Distributed practice is considered a better learning strategy than massed practice. This is also known as the spacing effect. Learners space their learning sessions by leaving periods of rest in between their learning sessions during distributed practice, whereas learners cram their learning sessions without rest in massed practice. Researchers suggest that these periods of rest between learning sessions make retrieving information more effortful in subsequent learning sessions because of forgetting. Therefore, the greater effort in retrieving information in distributed practice enhances learning performance. Recently, Chen, Castro-Alonso, Paas, and Sweller (2017) propose working memory resource depletion as an explanation for the spacing effect. They hypothesized that working memory resource is depleted during massed practice resulting in poorer learning performances.

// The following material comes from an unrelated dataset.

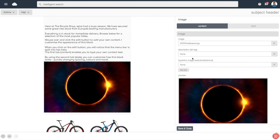In the input field under description, you can enter your own alt tag. And there we go.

The authors tested the hypothesis in two experiments by comparing the working memory test performances of learners after distributed practice and massed practice. Results of both experiments supported the spacing effect in which learners achieved better learning performances after distributed practice. In addition, learners scored lower on working memory test after massed practice than after distributed practice. In Experiment Two, the hypothesis of working memory resource depletion was further supported by the higher perceived levels of difficulty of the working memory task after massed practice than after distributed practice. The results of the study supported their hypothesis and suggest that the spacing effect is associated with the depletion of working memory resources.
Besides showing that working memory resource depletes after massed practice, results of this study advocate a reevaluation of cognitive load theory’s assumption of fixed working memory capacity. Working memory capacity appears to vary depending on depletion of working memory resource after exerting cognitive effort during learning. Similarly, working memory capacity is optimized following rest periods in between learning sessions, contributing to the spacing effect. Therefore, learners should be advised to space their learning sessions instead of cramming not only because it enhances learning by making retrieval of information more effortful, but also because it optimizes working memory capacity for learning.
Chen, O., Castro-Alonso, J. C., Paas, F., & Sweller, J. (2017). Extending Cognitive Load Theory to Incorporate Working Memory Resource Depletion: Evidence from the Spacing Effect. Educational Psychology Review, 1-19.